La première remarque que l’on se fait en regardant Night Fare est que, malgré ses limites financières donc matérielles, Julien Seri rend un travail d’un sérieux formel assez hallucinant. On ne parle pas du style (on reviendra plus tard sur celui-ci), mais bien de la matière brute des plans : c’est un plaisir à regarder bien plus prononcé que certaines productions beaucoup plus friquées. C’est sans doute ce que l’on appelle le supplément d’âme, tant on sent que le réalisateur est sur le qui-vive, ose faire des choses que l’on a du mal à envisager tant les tourner avec une telle restriction de moyens a dû épuiser les corps et les esprits. Night Fare fait preuve d’une maîtrise des « production values » qui force le respect, a compris qu’il lui fallait avoir recours à des décors fonctionnels et atypiques, ce qui est le cas tout du long. On regrette peut-être une exploitation trop peu marquées des décors de La Défense, de ses alentours, qui font par ailleurs les passages les plus beaux du film.
Bien vite, on se plonge dans Night Fare et l’on ne peut s’empêcher de se dire que Julien Seri aime le cinéma que, nous-même chez Culturellement Vôtre, apprécions particulièrement. Cette façon de construire son croquemitaine, nous rappelle évidemment le Michael Myers de Carpenter, surtout quand la menace est motorisée. Dans sa voiture, celui qui peut être comparé à un boogeyman peut apparaître n’importe où, tout le temps, défiant sciemment la logique du montage pour mieux donner une impression de menace quasiment surnaturelle. On ne sait pas grand chose des motivations du chauffeur tatoué, à part qu’il semble ne pas apprécier la racaille, tout en laissant plutôt tranquille celles et ceux qu’il juge ne pas en être. On est en plein slasher en fait, Night Fare s’inscrit totalement dans ce genre horrifique de par sa trame, les codes qu’il utilise et les mises en situations bien violentes (mais trop peu nombreuses) de son bad guy.

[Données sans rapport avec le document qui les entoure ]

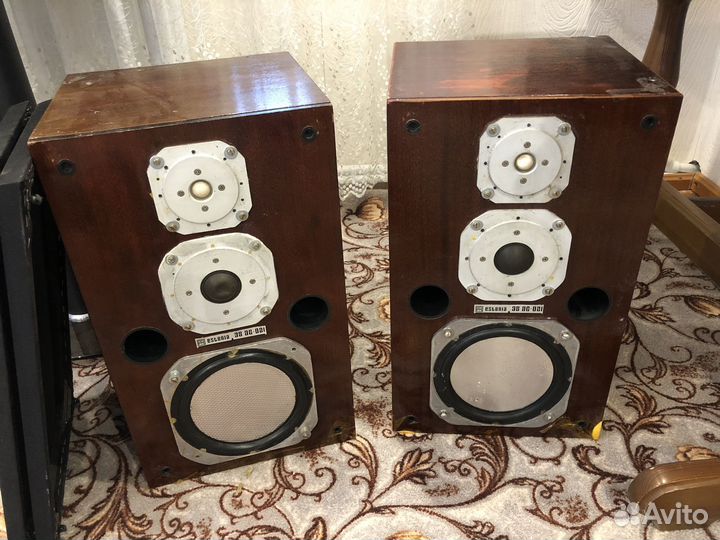 Колонки 35 ас-021 «Эстония»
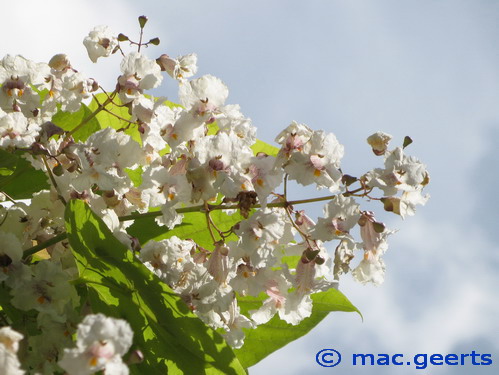 Catalpa bignonioides Aurea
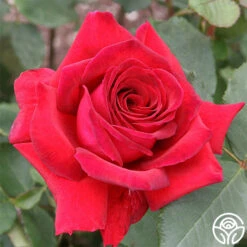 Because She Served® -Precisiom Store because she served 1 1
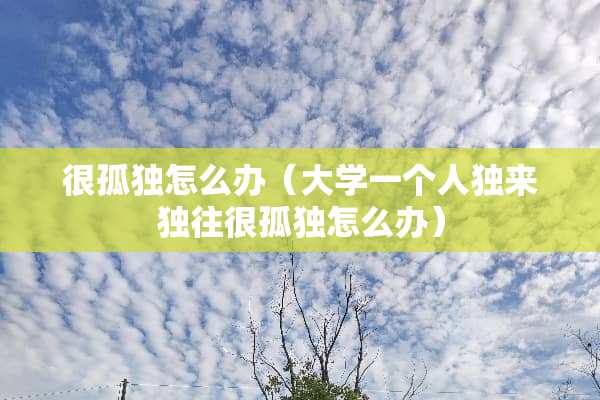 很孤独怎么办（大学一个人独来独往很孤独怎么办）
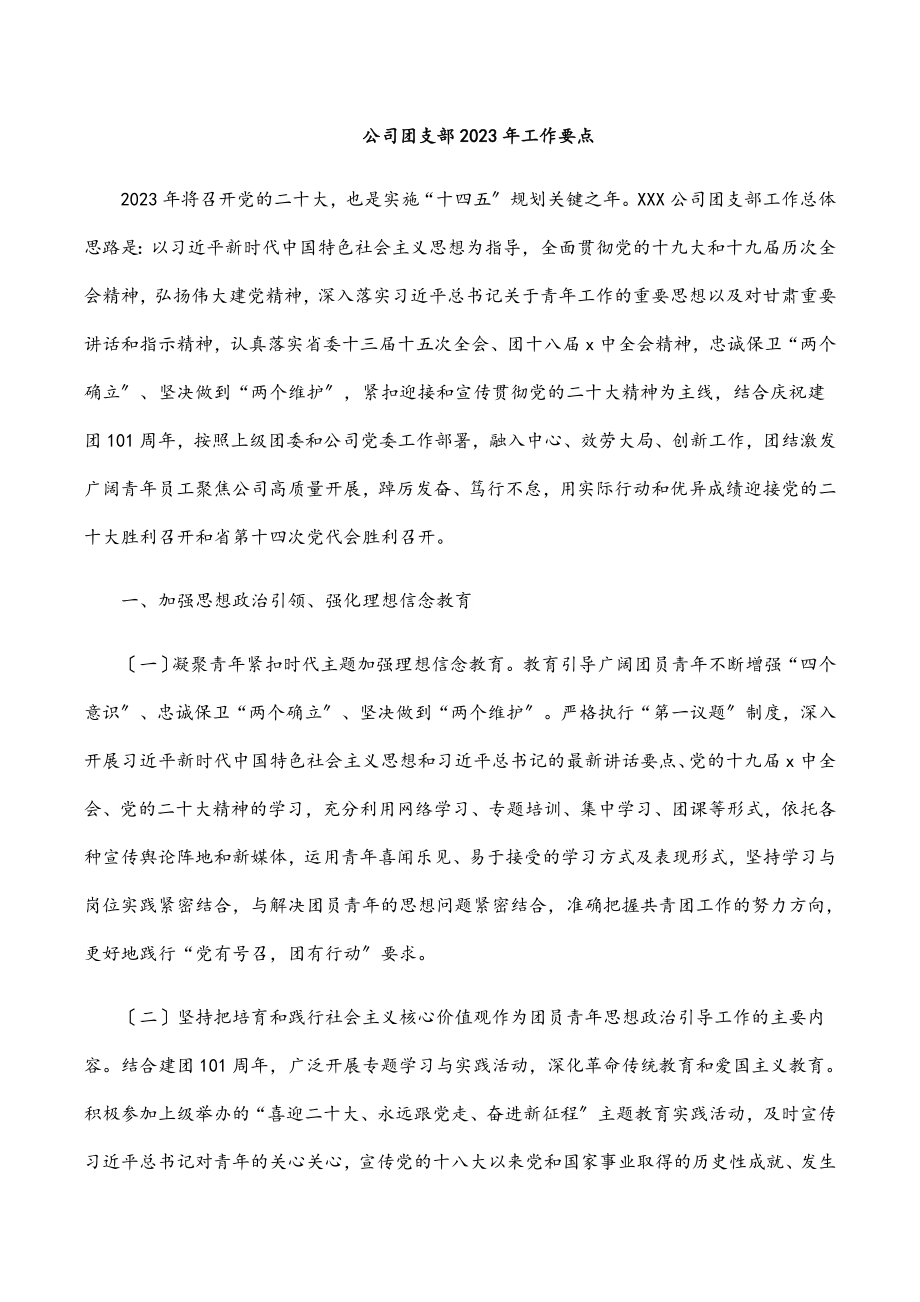 公司团支部工作要点.docx_第1页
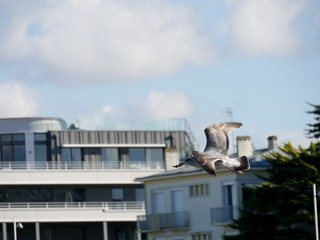 détail du vol d'un jeune Goéland   (série de 43 photos )  32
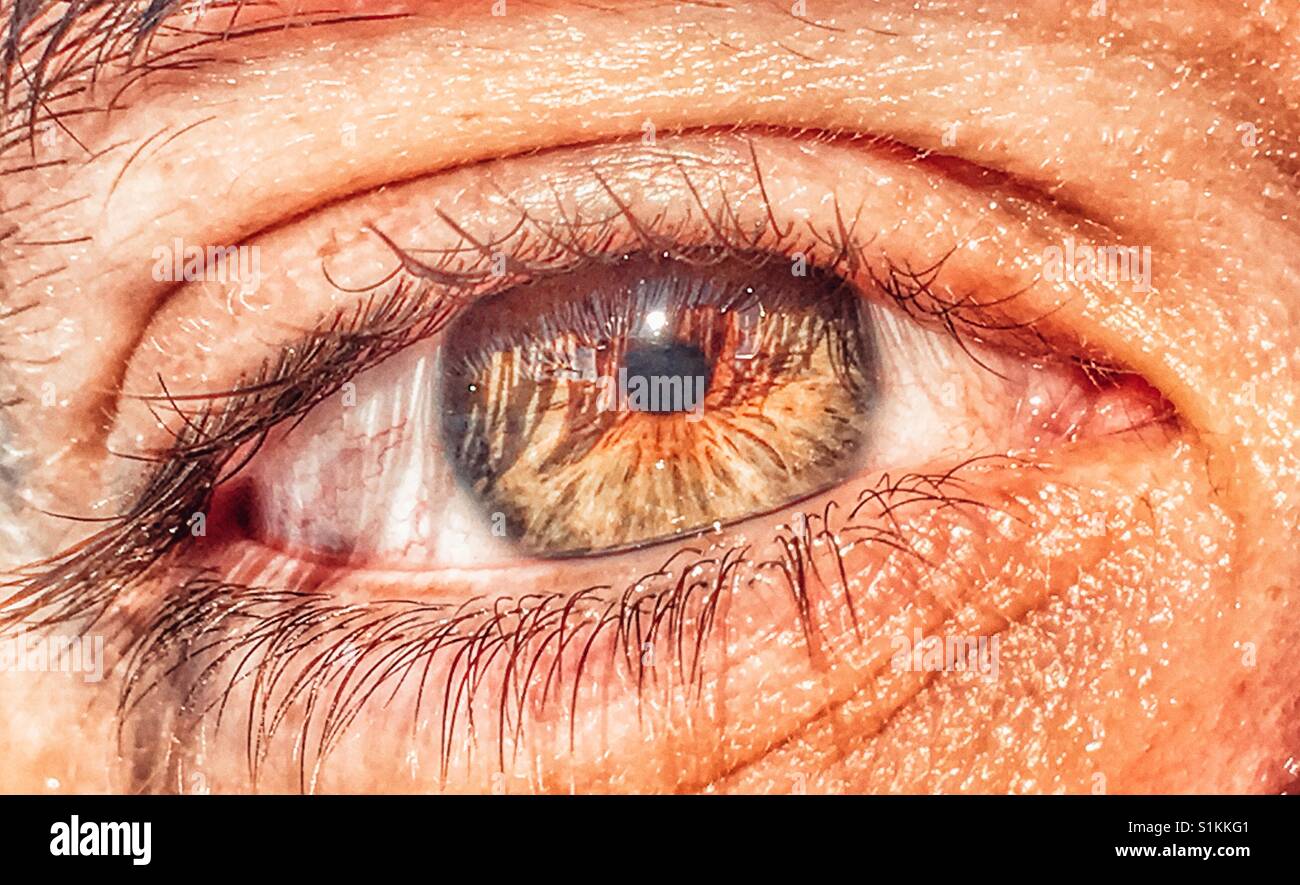 Human eye, hazel colour Stock Photo - Alamy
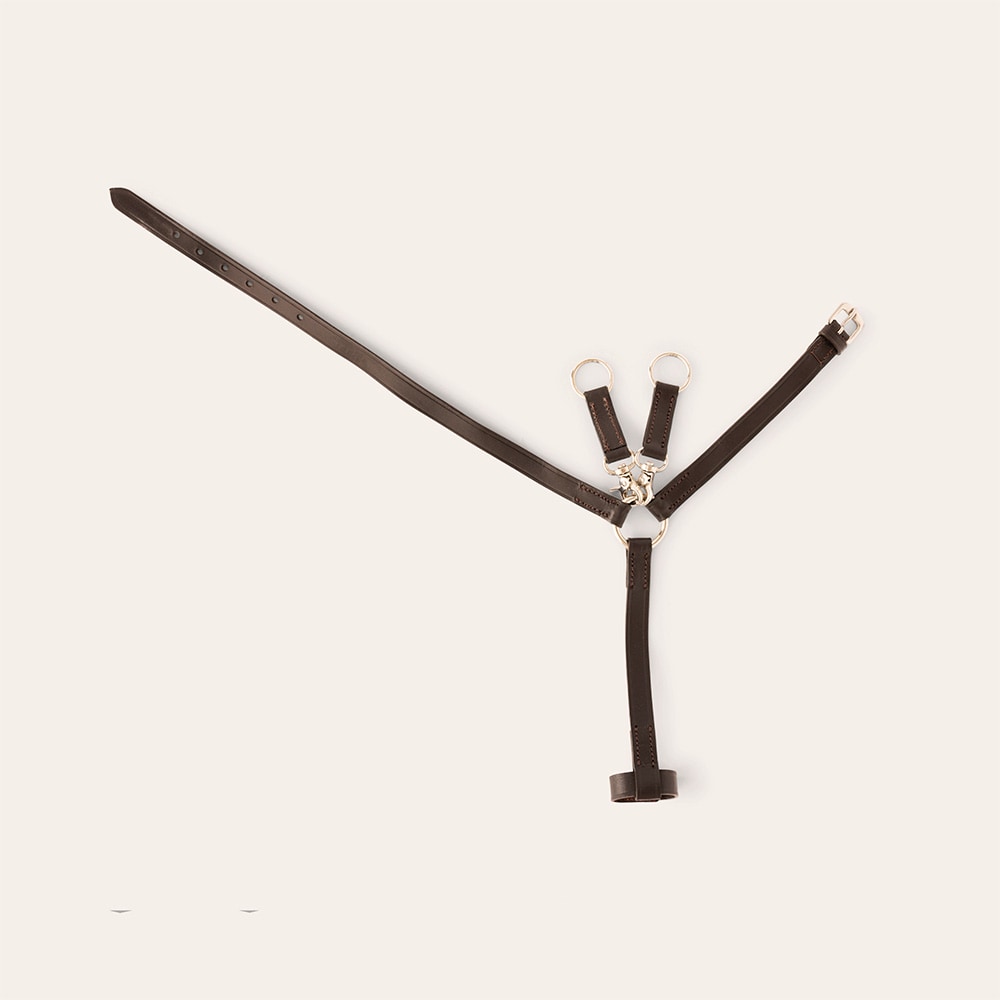  Kæphest Clifden Mini Martingale Hööks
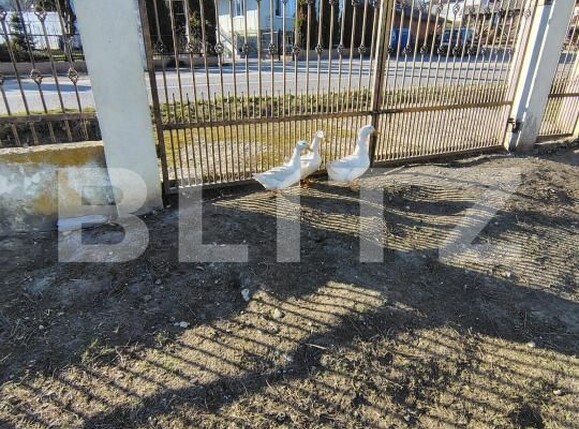 Teren de vânzare Mociu - 193313TV | BLITZ Cluj-Napoca | Poza1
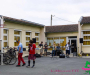 mcb6241-copie
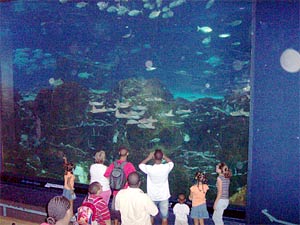 A trip to the New Jersey Aquarium - 22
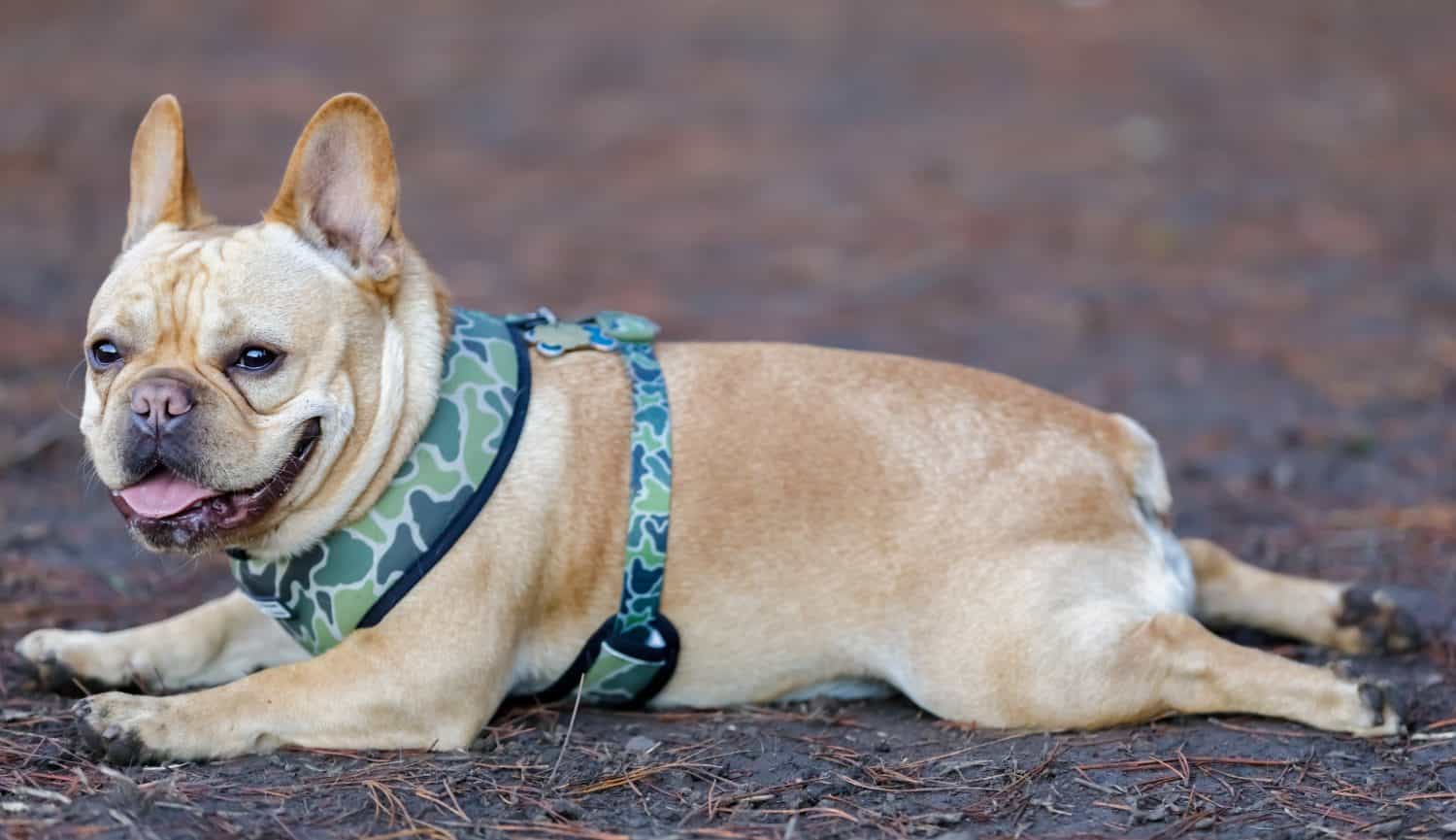 Young Male Frenchie resting with sploot posture to cool down. Off-leash dog park in Northern California.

Night Fare est évidemment loin d’être exempt de tout reproches, notamment dans des choix de mise en scène parfois un peu lourdingues. On pense notamment à l’usage des ralentis, parfois pertinents mais un peu trop systématiques, au risque de dénaturer certaines séquences. L’exemple le plus frappant est celui du flashback, qui nous décrit une situation dramatiquement chargée, mais un peu allégée par ce ralenti injustifié en rapport avec le sentiment recherché à cet instant précis. On pense évidemment à Kubrick, la séquence culte d’Orange Mécanique. Mais là où ce film fait le pari d’un rendu rude, qui s’imprime directement dans l’âme de par la gratuité et le sadisme primitif, barbare, Night Fare fait celui d’une mise en image plus stylisée par le moyen de tournage, comme si le réalisateur n’avait pas totalement confiance en la force de ce qui se tramait sous sa caméra. Pour être tout à fait juste, cette envie d’esthétisme est loin de tout le temps être un frein au ressenti, puisque sur certains passages on peut même dire qu’il forme un acteur à part entière. On a déjà parlé de la façon de filmer les alentours de La défense, mais d’autres endroits sont aussi le lieu de scènes de toute beauté, et le spectateur de Night Fare peut se rincer la rétine tout en étant interloqué par cette histoire, ce boogeyman.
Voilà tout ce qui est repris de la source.